Saturday, October 30, 2004

Cyprus and the Trojan War

Large island in eastern Mediterranean, off the coast of Syria (area 5).
By its location, Cyprus was at the crossroad of many civilizations from the Middle East, Egypt and Greece, though its situation as an island and the richness of its soil (especially rich copper mines that were at the root of its prosperity and induced trade relations with most of the Middle East) allowed it to keep its specificity over the centuries. Cyprus had been populated since a very remote past. Around 1450 B. C., Greeks of the Mycenæan civilization established trade posts in the island. Yet, the kings that were reigning over Cyprus stayed in power and managed to keep their autonomy and neutrality in the power struggles that opposed the Hittites kings from Anatolia and the pharaohs of Egypt during the XIVth and XIIIth centuries B. C., and they developed privileged relations with the royal family of Ugarit on the nearby coast of Syria facing Cyprus.
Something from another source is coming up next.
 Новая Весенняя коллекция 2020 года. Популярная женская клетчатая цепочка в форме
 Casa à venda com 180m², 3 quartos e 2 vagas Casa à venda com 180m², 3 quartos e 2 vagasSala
Toward the beginning of the XIIth century B. C., the Mycenæan civilization suddenly disappeared and Cyprus was invaded by what the ancient Egyptian documents call "Peoples from the North and the Sea", which have not been precisely identified by modern historians. Centuries later, toward the end of the IXth century and during the VIIIth century B. C., Phoenician merchants established trade posts on the southern shore of the island, in cities like Citium, as relays on their progression west. Yet, most of the island stayed under the control of kings of Salamis, vassals of the Assyrian Empire. With the fall of Nineveh (612), the Assyrian dominion over the island was replaced by that of Egypt, followed by that of Persia in the time of Cyrus the Great and his successors.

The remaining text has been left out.